*ABOUT THIS TASK:* Pictures are to be dropped, and only the lines from the one containing "美品 ローリーズファーム ニットワンピース" through the end of the data below are to be reproduced as written.

*RECORDED DATA:*
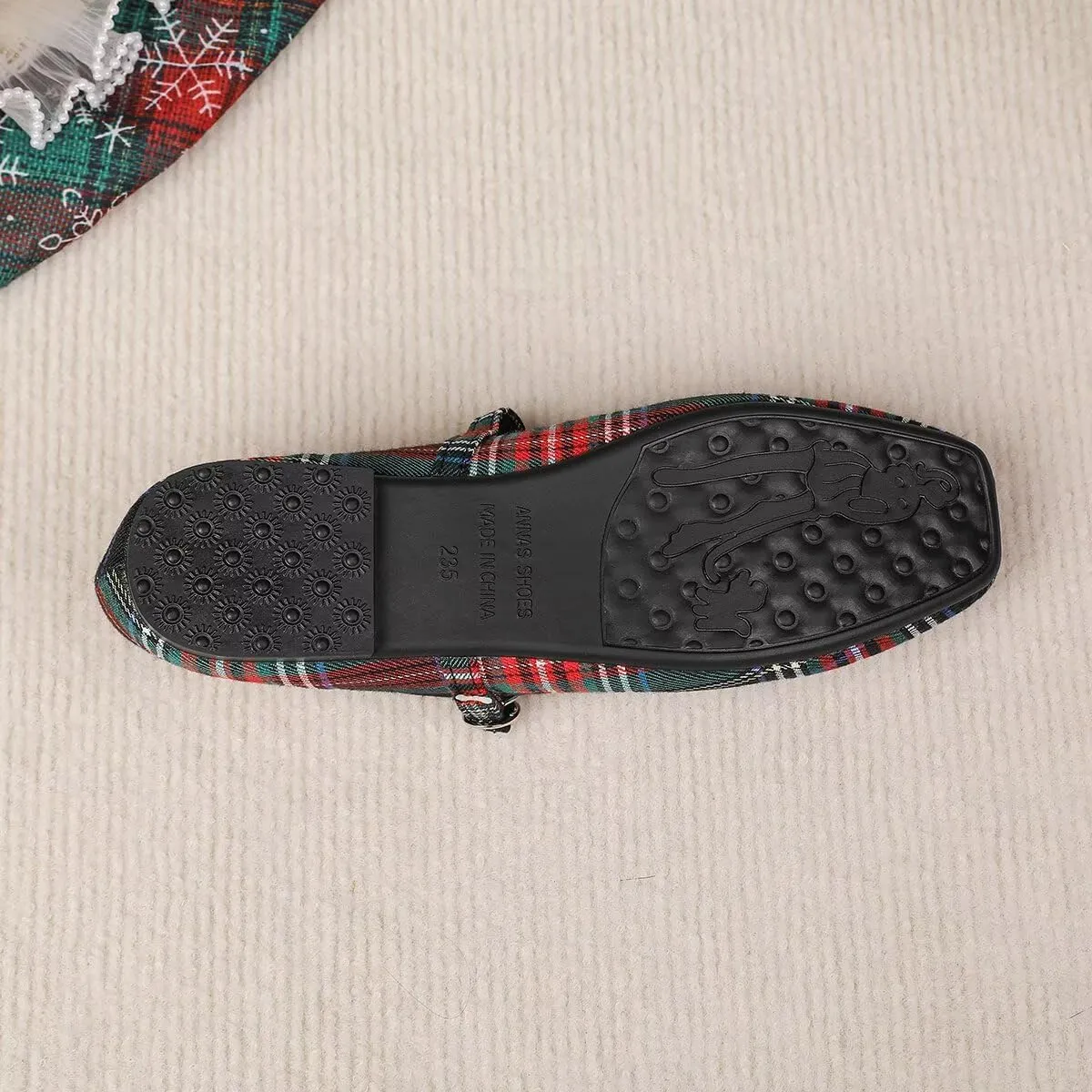 Women Mary Jane Flat Shoes Soft Patent Leather Square Toe Adjustable Buckle Strap Casual Ballet Dance Shoes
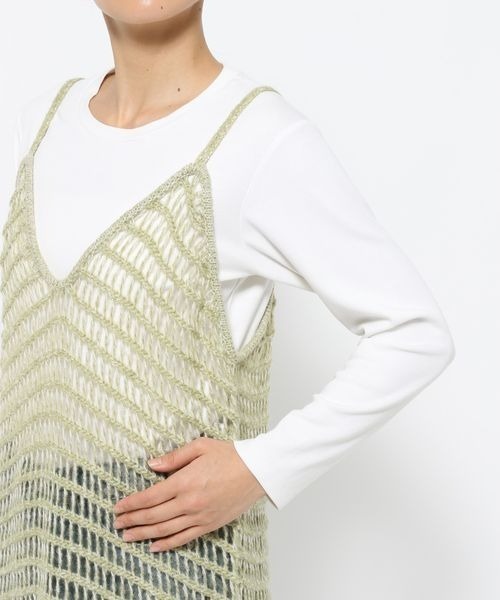 美品 ローリーズファーム ニットワンピース ノースリーブ 綿 カジュアル 涼しげ LOWRYS FARM ワンピース ニットキャミワンピース 150225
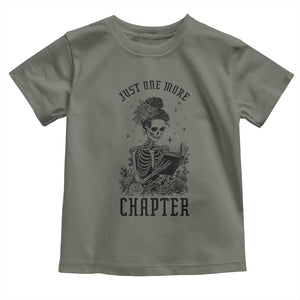 Funny Skeleton Book Lover Toddler T Shirt Just One More Chapter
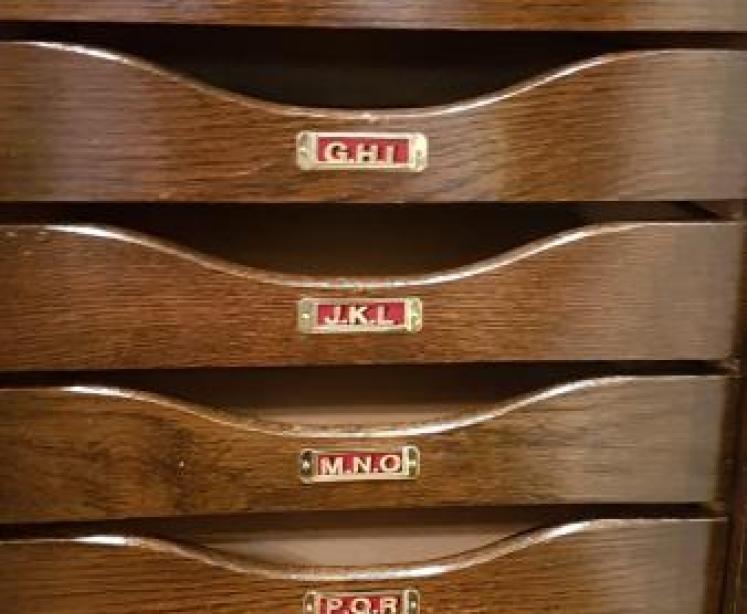 Edwardian Solid Oak Tambour Front File Cabinet - Image 4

*OUTPUT OF THE TASK:*
 美品 ローリーズファーム ニットワンピース ノースリーブ 綿 カジュアル 涼しげ LOWRYS FARM ワンピース ニットキャミワンピース 150225
 Funny Skeleton Book Lover Toddler T Shirt Just One More Chapter
 Edwardian Solid Oak Tambour Front File Cabinet - Image 4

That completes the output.